◆ EXERCISE ◆
Take the entries below and retype them word for word, excluding the images.

--- DATA Enclosed Below ---

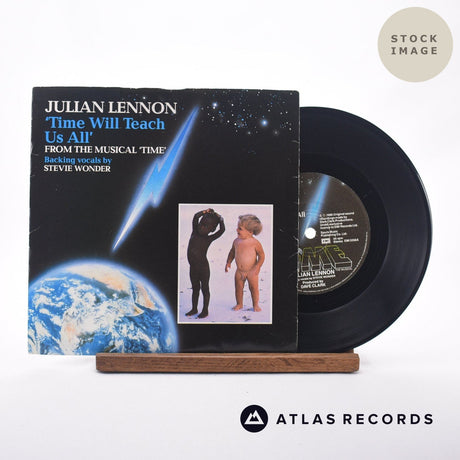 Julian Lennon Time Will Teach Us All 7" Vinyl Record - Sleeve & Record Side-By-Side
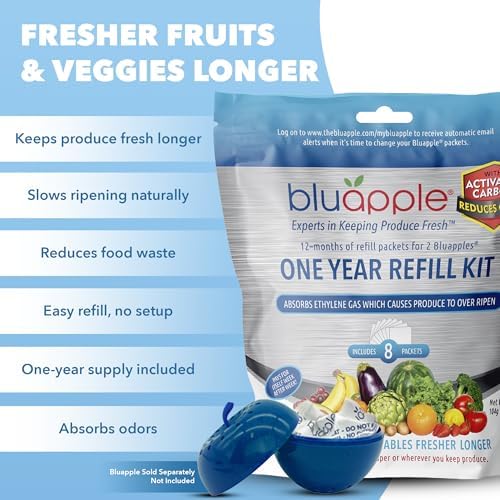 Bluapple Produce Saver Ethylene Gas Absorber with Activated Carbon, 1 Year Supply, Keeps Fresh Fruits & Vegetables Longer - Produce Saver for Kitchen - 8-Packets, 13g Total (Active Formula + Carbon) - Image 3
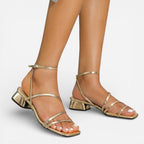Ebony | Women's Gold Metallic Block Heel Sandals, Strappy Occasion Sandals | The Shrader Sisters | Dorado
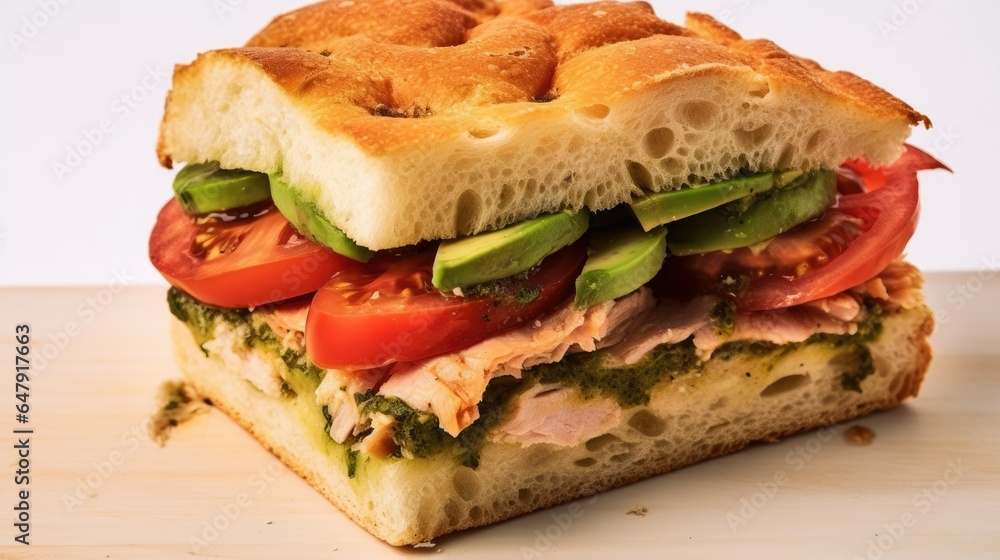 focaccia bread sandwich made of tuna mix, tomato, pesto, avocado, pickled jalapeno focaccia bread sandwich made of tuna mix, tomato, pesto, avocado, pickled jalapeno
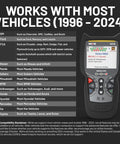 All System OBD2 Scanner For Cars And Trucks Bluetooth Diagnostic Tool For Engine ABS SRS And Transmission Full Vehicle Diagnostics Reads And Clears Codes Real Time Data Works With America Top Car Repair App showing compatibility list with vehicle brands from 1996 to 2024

--- End of Enclosed DATA ---

◆ RESPONSE ◆
 Julian Lennon Time Will Teach Us All 7" Vinyl Record - Sleeve & Record Side-By-Side
 Bluapple Produce Saver Ethylene Gas Absorber with Activated Carbon, 1 Year Supply, Keeps Fresh Fruits & Vegetables Longer - Produce Saver for Kitchen - 8-Packets, 13g Total (Active Formula + Carbon) - Image 3
Ebony | Women's Gold Metallic Block Heel Sandals, Strappy Occasion Sandals | The Shrader Sisters | Dorado
 focaccia bread sandwich made of tuna mix, tomato, pesto, avocado, pickled jalapeno focaccia bread sandwich made of tuna mix, tomato, pesto, avocado, pickled jalapeno
 All System OBD2 Scanner For Cars And Trucks Bluetooth Diagnostic Tool For Engine ABS SRS And Transmission Full Vehicle Diagnostics Reads And Clears Codes Real Time Data Works With America Top Car Repair App showing compatibility list with vehicle brands from 1996 to 2024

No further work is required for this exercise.